He stood with his father and sister at the entrance to the château as their pretty visitors climbed into their phaeton then, with much waving and blown kisses, rolled down the drive and then around the lake.

‘So that is the intended bride of Comte Edmond?’ the Comte remarked drily, lifting his hand in one final salute before turning away back into his house. ‘She is very lovely. Did you not think there is something Greuze like about her countenance, my son? Those melting blue eyes, that radiant peaches and cream complexion...’

Antoine smiled and linked arms with his sister as they followed their father inside. ‘I didn’t but now that you mention it, I can think of nothing else.’
 

‘I wonder if Madame Garland would think it impertinent of me if I wrote and suggested that she take Mademoiselle Eliza to sit for Greuze,’ the Comte mused as they went back out to the garden. ‘Really, I can imagine nothing more enchanting. Clearly she was born to pose with a dove clasped to her breast or woefully gazing upon a broken vase.’

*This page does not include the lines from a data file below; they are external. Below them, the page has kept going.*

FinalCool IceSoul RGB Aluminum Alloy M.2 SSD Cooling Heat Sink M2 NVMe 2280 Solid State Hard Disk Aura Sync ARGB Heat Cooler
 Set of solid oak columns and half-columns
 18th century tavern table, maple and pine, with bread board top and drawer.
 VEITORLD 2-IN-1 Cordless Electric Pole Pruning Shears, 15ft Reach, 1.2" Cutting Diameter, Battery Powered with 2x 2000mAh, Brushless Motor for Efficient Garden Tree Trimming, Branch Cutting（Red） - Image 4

‘I rather think that our dear Antoine was far too busy contemplating the charms of the younger Mademoiselle Garland to pay much heed to those of the elder,’ Cécile said with a sly smile.

The Comte looked surprised then knit his brows together. ‘The younger girl? My son, I hope that you have no ambitions in that quarter! She is a pretty girl, to be sure, but there was nothing exceptional about her.’ He turned away and fed some biscuits from his pocket to his dogs. ‘Why, I barely noticed her.’

Cécile gave an exasperated sigh. ‘Oh really, Papa!’ She winked at Antoine. ‘Although we all know that your tastes run to expensive pouty blondes these days.’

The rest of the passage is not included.